(Entries taken from a collection)
####################

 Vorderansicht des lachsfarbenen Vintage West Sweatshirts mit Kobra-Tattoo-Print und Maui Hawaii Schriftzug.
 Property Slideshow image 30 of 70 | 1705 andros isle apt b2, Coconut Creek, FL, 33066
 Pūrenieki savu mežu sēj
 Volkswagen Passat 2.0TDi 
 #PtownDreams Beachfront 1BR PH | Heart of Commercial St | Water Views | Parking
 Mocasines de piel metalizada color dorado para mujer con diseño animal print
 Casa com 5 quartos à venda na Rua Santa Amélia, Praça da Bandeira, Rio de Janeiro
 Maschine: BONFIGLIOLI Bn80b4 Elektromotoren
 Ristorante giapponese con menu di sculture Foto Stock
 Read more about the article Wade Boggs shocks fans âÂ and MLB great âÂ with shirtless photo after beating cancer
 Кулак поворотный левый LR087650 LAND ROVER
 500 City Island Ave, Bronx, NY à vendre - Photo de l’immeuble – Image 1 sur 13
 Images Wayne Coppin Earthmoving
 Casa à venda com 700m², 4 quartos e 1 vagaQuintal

####################

• Work instruction: Above are the records. Copy the lines beginning at the one that has "#PtownDreams Beachfront 1BR" and ending with the one that has "Ristorante giapponese con", unchanged.

• Exercise answer:
 #PtownDreams Beachfront 1BR PH | Heart of Commercial St | Water Views | Parking
 Mocasines de piel metalizada color dorado para mujer con diseño animal print
 Casa com 5 quartos à venda na Rua Santa Amélia, Praça da Bandeira, Rio de Janeiro
 Maschine: BONFIGLIOLI Bn80b4 Elektromotoren
 Ristorante giapponese con menu di sculture Foto Stock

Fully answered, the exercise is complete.